▶ [Available data]

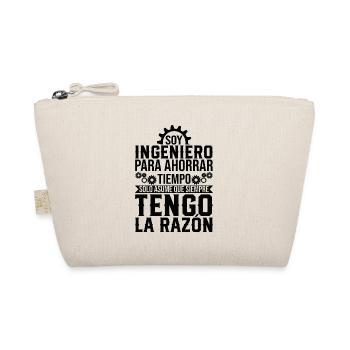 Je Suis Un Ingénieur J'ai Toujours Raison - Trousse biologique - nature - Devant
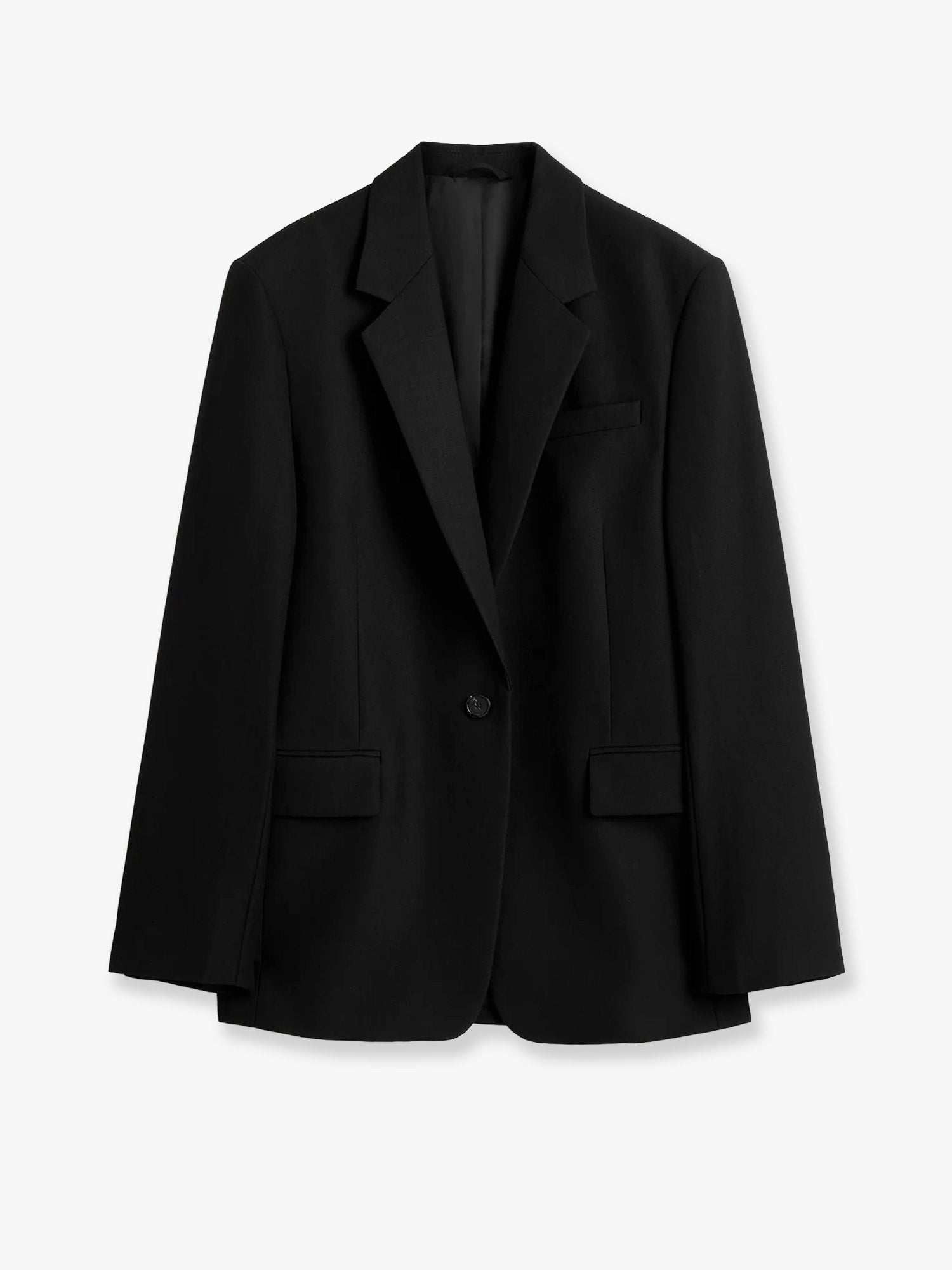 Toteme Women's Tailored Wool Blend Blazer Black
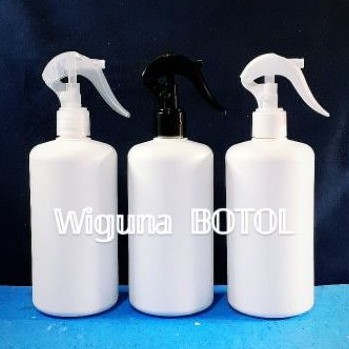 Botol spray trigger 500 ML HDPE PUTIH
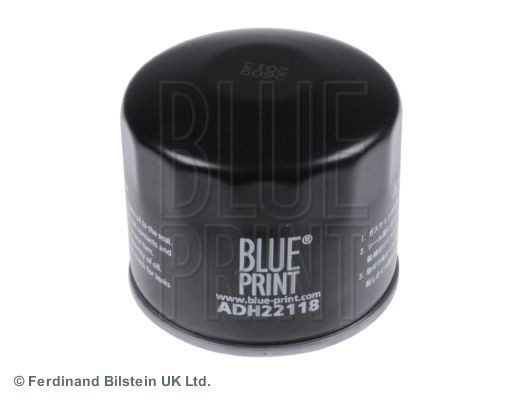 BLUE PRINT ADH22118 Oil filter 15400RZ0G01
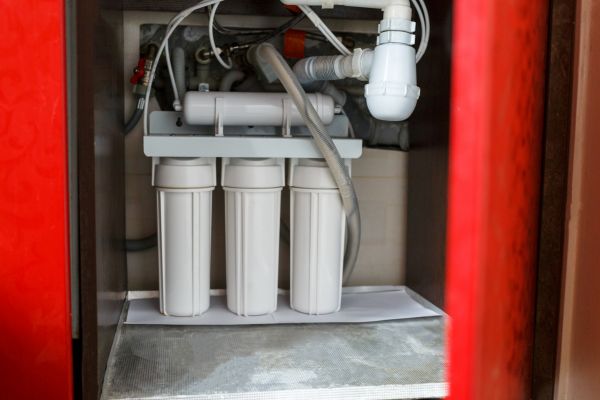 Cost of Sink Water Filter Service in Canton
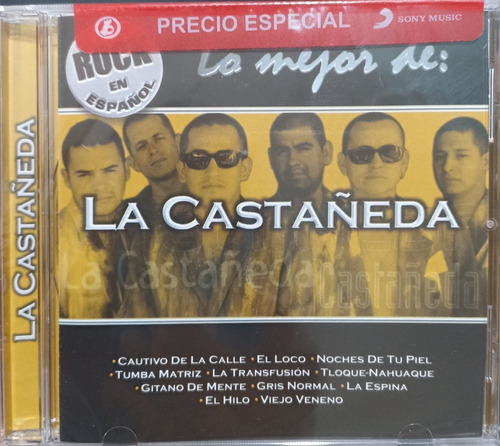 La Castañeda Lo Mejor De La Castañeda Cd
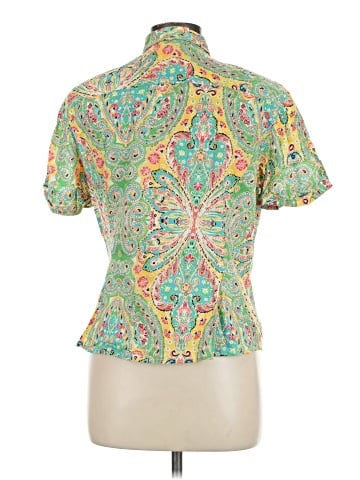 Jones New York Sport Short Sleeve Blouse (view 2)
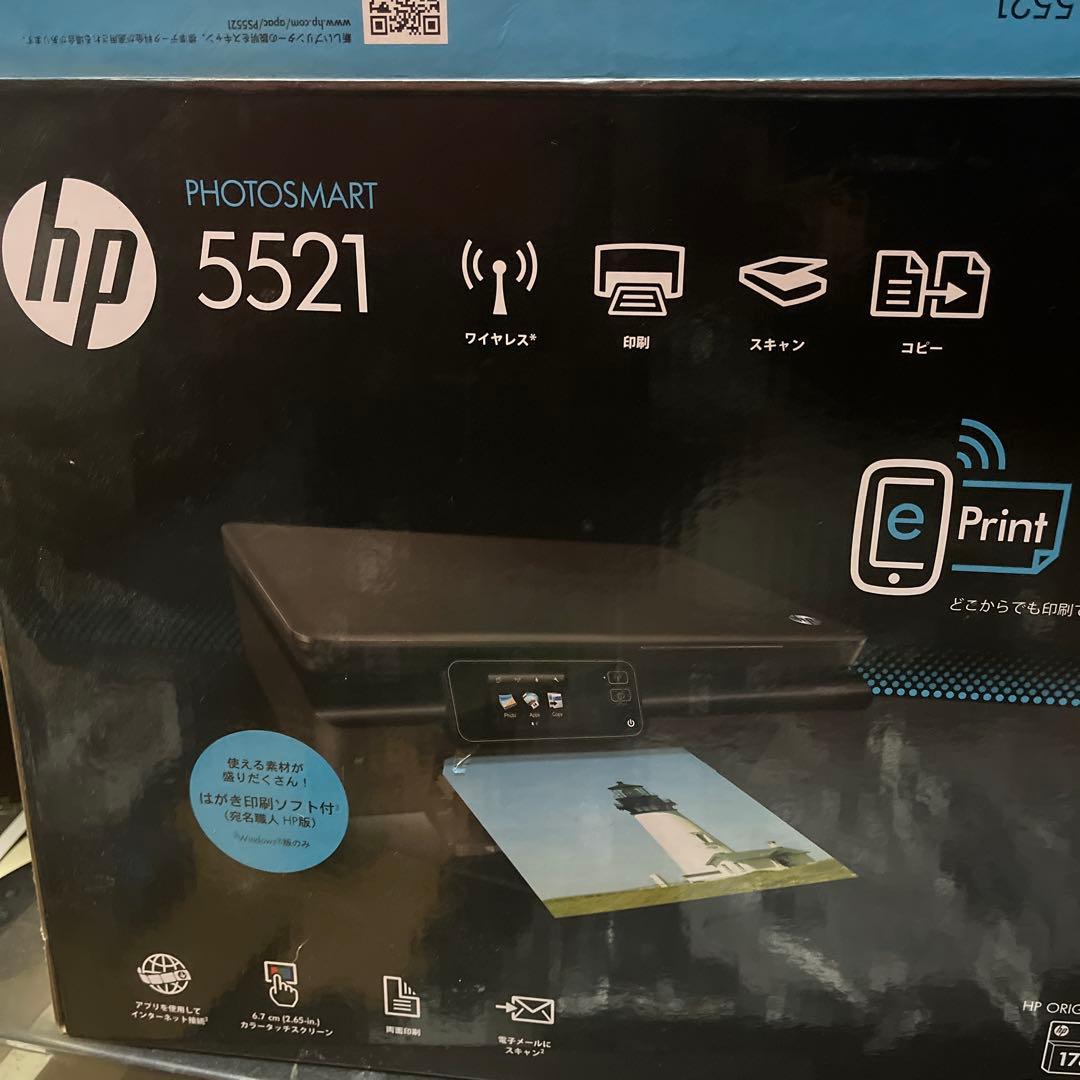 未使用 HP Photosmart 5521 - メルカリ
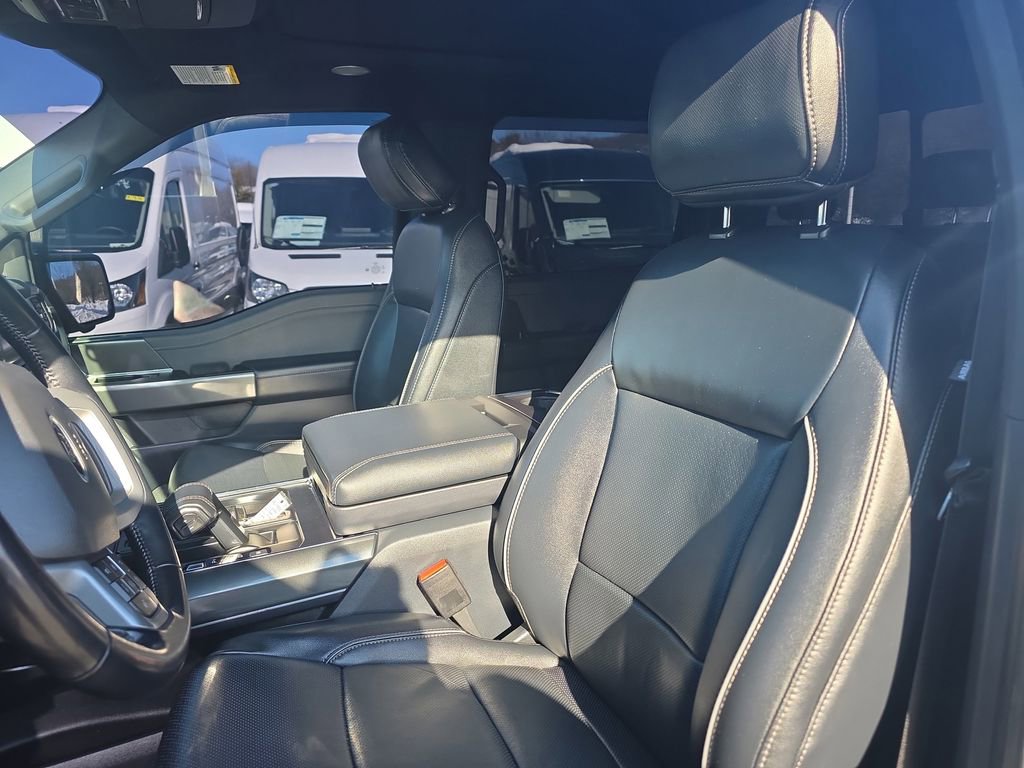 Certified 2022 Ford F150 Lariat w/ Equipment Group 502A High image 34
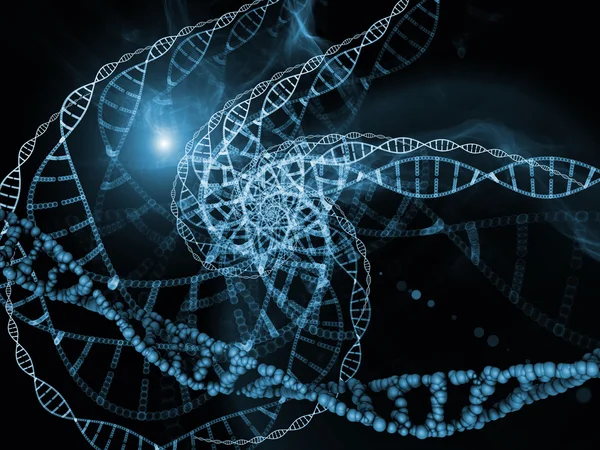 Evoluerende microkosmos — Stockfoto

▶ [Work order]
The answer must be an exact transcription of the lines from the one containing "Toteme Women's Tailored" through the last line of the records above, both included, with no pictures.

▶ [Your response]
 Toteme Women's Tailored Wool Blend Blazer Black
 Botol spray trigger 500 ML HDPE PUTIH
 BLUE PRINT ADH22118 Oil filter 15400RZ0G01
 Cost of Sink Water Filter Service in Canton
 La Castañeda Lo Mejor De La Castañeda Cd
 Jones New York Sport Short Sleeve Blouse (view 2)
 未使用 HP Photosmart 5521 - メルカリ
 Certified 2022 Ford F150 Lariat w/ Equipment Group 502A High image 34
 Evoluerende microkosmos — Stockfoto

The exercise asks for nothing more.